Boasting one of the slickest back lines in the tournament, the Wallabies struggled to live up to their billing and the Irish got home on the back of four penalties and a drop goal.
As much as full back Kurtley Beale tried to weave his magic from the back, Ireland stood firm with a defence that refused to buckle under anything that the Wallabies threw at them .
Having won 20 of their 29 clashes with Ireland, with another match being drawn, Australia were favourites on paper, though these two countries have produced some epic battles over the years.
The Wallabies’ preparations suffered late setbacks, with star flanker David Pocock withdrawing on the morning of the game with a back strain. He was replaced by his Western Force teammate Ben McCalman, while Tatafu Polota-Nau came into the front-row for an ill Stephen Moore.
It was a lively start, the Wallabies immediately putting pressure on the Irish after Keith Earls put his foot into touch from Quade Cooper’s kick-off.
Australia had their first chance for points in the fifth minute after full back Rob Kearney was penalised for a high tackle on his opposite number Kurtley Beale, but wing James O’Connor sent his shot just wide of the left-hand upright.
O’Connor, back in the starting side, made no mistake from in front six minutes later after the Wallabies were gifted a penalty from a scrum five metres out.
Ireland had their first chance to get on the scoreboard but fly half Jonathan Sexton’s long-range penalty from just inside half-way went wide. However, he drew his side level at 3-3 with a much easier effort after 15 minutes.
Australia then had to weather an onslaught from Ireland and Sexton put the Irish ahead 6-3 with only his second drop goal in international rugby.
O’Connor squared things up in the 24th minute after the Irish were caught offside. With the Wallabies upping the tempo in attack, they were gifted another three-point chance when the Irish were penalised for hands in the ruck, but O’Connor could not convert.
Sexton missed another long-range penalty seven minutes from half-time as both sides struggled to break the line in attack.
The Wallabies were again caught offside in the 49th and Sexton landed his third penalty to put Ireland 9-6 ahead.
Minutes later, Australia again infringed at the scrum but they were fortunate that Sexton’s relatively easy attempt rattled off the upright.
It was the Will Genia-Quade Cooper combination that almost found a way through wide on the right but Cooper’s final pass went astray with the line in sight.
But again Australia’s scrum conceded a penalty and this time it was a gift for Ronan O’Gara, who had come on as a replacement in the 48th minute. At 12-6 ahead in 61st minute, Ireland sniffed a victory and Australia were desperate for a break.

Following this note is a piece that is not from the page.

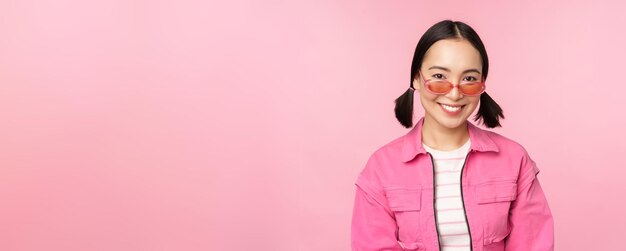 Nahaufnahme eines schönen asiatischen weiblichen Modells mit stylischer Sonnenbrille, das vor rosafarbenem Hintergrund im trendigen Outfit-Kopienraum posiert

Australia needed all their resolve to keep Ireland out in the 67th minute, a timely penalty coming just in the nick of time as Ireland were bearing down on their line.
But another collapsed scrum virtually in front minutes later gifted O’Gara another penalty to put Ireland 15-6 with 10 minutes left.
Australia were camped all over Ireland’s line in the closing minutes but could not break through.
It took some desperate cover defence to stop Tommy Bowe from almost running the length of the field after intercepting a stray pass from Cooper in the last few minutes.
Quade Cooper (AUS), On the Eden Park crowd supporting Ireland: “There definitely was a lot of Irish support. That could have helped them. But they played a very good game. We didn’t play our best, so full credit to them.”
On the Irish team: “We knew the quality they had in their side. It was one of those games which was a real arm wrestle, but they came out on top, the way they dominated at the breakdown. Then we were in a position where we had to play catch-up football. They played hard on the ball and kept getting turnover after turnover. They kept attacking the breakdown, getting the penalty and kicking three points. When you do it over and over the scoreboard keeps ticking over.”
On the road ahead: “It’s a tough one, but one everyone is up for. It isn’t the end of the road for us. It just makes the road tougher.”
On losing: “It’s never a good feeling when you lose a game, especially important games like the World Cup We’ve got to look at ourselves and say we messed up.”
On not winning at Eden Park for 25 years: “A ground’s a ground. The way they played tonight, they would have played well on any ground.”
Stephen Ferris (IRE)
On Ireland’s scrum: “Our scrum was unbelievable all night. We always knew we were capable of it. We showed that when we played against England in the Six Nations. We’ve done a lot of work on it and it’s paying dividends.”
Keith Earls (IRE)
On what the victory means for Ireland: “We, as Irish, tend to be negative. But tonight we showed we could do it. It’s massive. It’s up there with Grand Slams, to beat the Tri Nations champions.
“It’s definitely one of the best games I’ve ever played in. I’ve been getting texts from back home. Limerick and Dublin are going crazy. It’s a real lift for the people back home.”